Além disso, o fundo de resgate também pode gerar excedente financeiro, ou seja, pode render além dos 3% mais IPCA. Nesse caso, o valor costuma ser repassado pelas seguradoras aos clientes, engordando a reserva disponível para resgate, mas a regra de distribuição do excedente financeiro varia de companhia para companhia —é preciso se informar no momento da contratação do seguro.

“Essa é uma vantagem bastante interessante do seguro resgatável, sem dúvida, pois estamos falando de rentabilidade sobre rentabilidade. Mas é importante o cliente ter em mente que se trata de um seguro, não se deve comprá-lo pensando em fazer um investimento”, afirma Marcelo Eboli, diretor de marketing da Prudential do Brasil Seguros de Vida.

Mudança de faixa etária não encarece as parcelas

Outra vantagem do seguro resgatável é que ele não sofre agravo etário ao longo dos anos, ou seja, a pessoa não paga mais quando muda de faixa etária. Na hora da contratação do produto, a seguradora assume seu risco por um prazo determinado, por isso o valor do seguro não aumenta com o passar do tempo por causa do risco da idade. Há apenas o reajuste da inflação a cada ano.

Essa é uma vantagem que chama a atenção dos novos clientes, já que em alguns casos o valor do seguro de vida tradicional pode subir bastante de um ano para o outro, comprometendo sua capacidade de pagamento. “Eles ficam assustados com a possibilidade de não conseguirem continuar pagando o seguro dependendo do reajuste praticado. No caso do seguro resgatável, como o prêmio de risco é nivelado, sujeito a atualização, o custo é previsível, por isso o preço não muda”, explica Claudio Leão Feitosa, diretor da Bradesco Vida e Previdência.

Os prazos das apólices variam de seguradora para seguradora —mas, em geral, costumam ir de 5 a 30 anos. É importante ressaltar que, ao chegar ao fim do prazo da apólice, o segurado recebe o valor do resgate por sobrevivência, diferente do seguro de vida temporário tradicional, no qual você não recebe nada no final do período contratado.

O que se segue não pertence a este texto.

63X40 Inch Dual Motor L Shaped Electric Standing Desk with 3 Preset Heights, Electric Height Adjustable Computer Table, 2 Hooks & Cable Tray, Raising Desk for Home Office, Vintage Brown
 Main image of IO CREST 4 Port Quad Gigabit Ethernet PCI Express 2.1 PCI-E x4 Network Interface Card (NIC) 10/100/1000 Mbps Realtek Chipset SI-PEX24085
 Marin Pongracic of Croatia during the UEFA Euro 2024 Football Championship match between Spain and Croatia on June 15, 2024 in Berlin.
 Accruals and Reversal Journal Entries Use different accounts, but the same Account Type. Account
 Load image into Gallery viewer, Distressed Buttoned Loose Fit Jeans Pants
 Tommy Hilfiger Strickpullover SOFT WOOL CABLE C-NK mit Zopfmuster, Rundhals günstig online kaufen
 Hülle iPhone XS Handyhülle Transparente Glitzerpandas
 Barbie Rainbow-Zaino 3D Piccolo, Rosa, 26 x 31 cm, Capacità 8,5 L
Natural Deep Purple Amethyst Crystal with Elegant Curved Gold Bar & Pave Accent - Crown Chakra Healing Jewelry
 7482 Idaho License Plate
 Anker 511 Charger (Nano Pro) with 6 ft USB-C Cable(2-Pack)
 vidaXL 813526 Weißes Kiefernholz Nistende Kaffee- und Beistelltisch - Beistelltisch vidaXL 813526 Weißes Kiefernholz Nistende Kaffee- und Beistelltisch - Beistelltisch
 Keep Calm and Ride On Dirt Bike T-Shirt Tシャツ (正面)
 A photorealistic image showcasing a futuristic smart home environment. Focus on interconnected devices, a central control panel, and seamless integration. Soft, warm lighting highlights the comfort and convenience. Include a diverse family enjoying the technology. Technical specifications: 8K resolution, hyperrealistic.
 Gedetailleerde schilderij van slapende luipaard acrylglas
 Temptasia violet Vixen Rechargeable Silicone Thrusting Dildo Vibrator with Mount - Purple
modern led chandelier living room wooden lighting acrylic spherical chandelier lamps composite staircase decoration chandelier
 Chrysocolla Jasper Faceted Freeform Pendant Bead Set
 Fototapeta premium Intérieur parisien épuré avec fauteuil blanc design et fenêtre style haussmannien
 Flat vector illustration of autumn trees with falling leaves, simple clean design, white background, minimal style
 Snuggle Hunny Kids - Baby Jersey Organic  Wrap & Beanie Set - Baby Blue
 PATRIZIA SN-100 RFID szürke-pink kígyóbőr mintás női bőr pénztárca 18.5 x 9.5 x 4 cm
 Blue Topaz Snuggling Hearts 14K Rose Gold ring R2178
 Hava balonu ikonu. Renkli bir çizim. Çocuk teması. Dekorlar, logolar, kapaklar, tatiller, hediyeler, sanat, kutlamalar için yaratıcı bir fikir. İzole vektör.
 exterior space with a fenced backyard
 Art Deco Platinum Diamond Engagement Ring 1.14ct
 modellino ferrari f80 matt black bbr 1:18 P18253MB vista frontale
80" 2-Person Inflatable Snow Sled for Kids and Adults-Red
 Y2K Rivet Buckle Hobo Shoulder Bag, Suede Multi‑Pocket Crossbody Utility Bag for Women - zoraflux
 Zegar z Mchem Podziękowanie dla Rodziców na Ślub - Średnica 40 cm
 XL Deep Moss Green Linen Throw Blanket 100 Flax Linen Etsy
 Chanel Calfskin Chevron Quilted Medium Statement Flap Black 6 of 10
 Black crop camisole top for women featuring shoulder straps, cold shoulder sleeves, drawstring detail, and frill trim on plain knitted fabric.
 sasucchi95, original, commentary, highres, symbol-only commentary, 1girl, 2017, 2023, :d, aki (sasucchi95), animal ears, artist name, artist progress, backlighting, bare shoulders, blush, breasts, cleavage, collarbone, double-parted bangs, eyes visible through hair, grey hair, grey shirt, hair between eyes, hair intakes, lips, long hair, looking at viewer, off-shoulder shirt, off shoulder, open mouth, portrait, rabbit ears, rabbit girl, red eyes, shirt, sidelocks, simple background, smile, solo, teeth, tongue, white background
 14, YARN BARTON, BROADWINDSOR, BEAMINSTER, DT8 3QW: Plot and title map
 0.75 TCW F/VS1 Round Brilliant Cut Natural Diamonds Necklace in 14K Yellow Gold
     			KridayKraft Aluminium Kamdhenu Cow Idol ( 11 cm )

Há também no mercado a opção de seguro resgatável com proteção vitalícia. Nesse caso, não há um prazo para o fim do contrato, mas se o cliente quiser resgatar o valor a qualquer momento, poderá cancelar a apólice e solicitar o dinheiro do resgate. Se não o fizer, o seguro continuará valendo, como um seguro de vida tradicional. “Isso não significa que ele vai ter de pagar pelo seguro a vida toda. Nós determinamos o período em que ele pagará pelo seguro vitalício e, quando o prazo de pagamento terminar, ele continuará protegido”, afirma Carolina, da Mongeral Aegon.

Vale a pena destacar que cada seguradora possui suas especificidades com relação às condições do seguro. Há algumas que, inclusive, preveem o resgate de parte do capital segurado em caso de acometimento de doenças graves, como câncer. Neste caso, o percentual de resgate em vida e o de manutenção para uso dos beneficiários variam de empresa para empresa.

Tudo deve ser detalhado na hora da contratação do seguro. O processo pode ser feito diretamente com as empresas e os preços variam, já que o custo do seguro resgatável leva em consideração detalhes pessoais de cada um, é personalizado. O valor do seguro tradicional será menor nas primeiras contribuições, mas, em função dos reajustes por idade ao longo do tempo, o custo no longo prazo ficará muito mais caro, chegando, em alguns produtos, a ser até três vezes maior do que o do seguro resgatável.

“É fundamental que as pessoas entendam que o seguro de vida, seja ele resgatável ou não, tem que fazer parte de um planejamento financeiro maior”, diz Eboli, da Prudential. “Tem muita gente que pensa que por ter um patrimônio enorme, não precisa de seguro de vida, o que é errado.”